Architectural Alternatives: AWS Cloud WAN

As networks scale to dozens of regions and hundreds of accounts, manually managing TGW route tables, peering attachments, and static routes can become administratively prohibitive. For large-scale, multi-region deployments, consider migrating to AWS Cloud WAN via AWS Network Manager.

Unlike Transit Gateway, where you peer individual regional hubs, Cloud WAN manages a unified global network based on a central Core Network Policy.

AWS Cloud WAN Hybrid Architecture.

Key Architectural Shifts with Cloud WAN:

  1. Core Network Edges (CNEs):

    • Instead of regional Transit Gateways, you define a single global network. AWS automatically deploys and manages Core Network Edges (CNEs) in your designated regions (CNE 1 in us-east-1 and CNE 2 in eu-west-1).
  2. Unified Edge Connectivity:

    • Spoke VPCs attach directly to the regional CNE using a standard VPC Attachment.
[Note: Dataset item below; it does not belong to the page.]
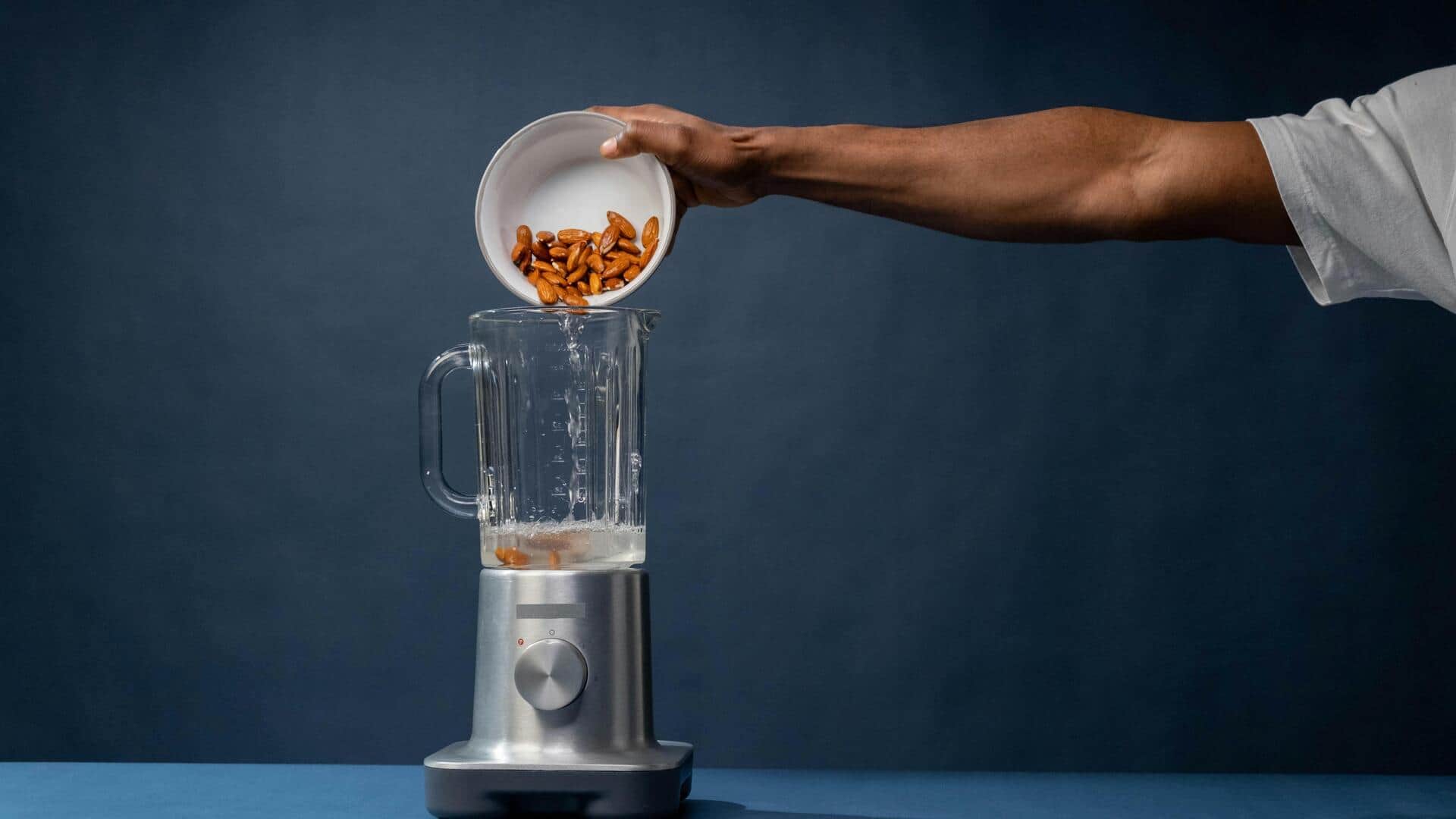 मिक्सर जार से दाग हटाने के लिए अपनाएं ये 5 तरीके, जल्द मिलेगा फायदा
    • The DX GW with Transit VIF can be associated with the Cloud WAN core network, while Site-to-Site VPNs connect through Cloud WAN VPN attachments.

  3. Global Segments & Policies:

    • The Cloud WAN configuration is driven by a single Core Network Policy where you declare routing rules and logical boundaries (e.g., Segment: Prod).

    • The system handles the dynamic propagation of routes (BGP-learned and VPC CIDRs) globally, removing the peering-static-route burden described above for normal attachment reachability.

Why choose Cloud WAN?

  • Policy-Driven Configuration: Instead of manually configuring attachments and route tables, you define a global network policy document. AWS automatically provisions the underlying infrastructure.

  • Dynamic Routing: Cloud WAN manages routing dynamically across regions, eliminating the need for manual static route additions on peered connections.

  • Built-in Segmentation: Easily segment environments (e.g., Production vs. Development) globally using tag-based policies.

Service-Centric Networking: AWS VPC Lattice

While Transit Gateway and Cloud WAN solve network-level routing challenges, modern microservice architectures often require service-to-service connectivity that operates independently of the underlying IP routing topology. This is where AWS VPC Lattice fits in.

What is VPC Lattice?

VPC Lattice is a fully managed networking service that lets you connect, secure, and monitor services and resources across different VPCs and AWS accounts. For application services, it provides HTTP/HTTPS/gRPC routing with listeners, rules, and service-level authorization. For private resources, it can also expose TCP endpoints through resource configurations and resource gateways.

Unlike Transit Gateway or Cloud WAN, which connect networks and route packets based on IP addresses, VPC Lattice exposes service and resource endpoints through DNS and policy. For application services, it routes requests based on service names, listeners, and HTTP-style rules; for TCP resources, it provides private connectivity without requiring broad CIDR-based network peering.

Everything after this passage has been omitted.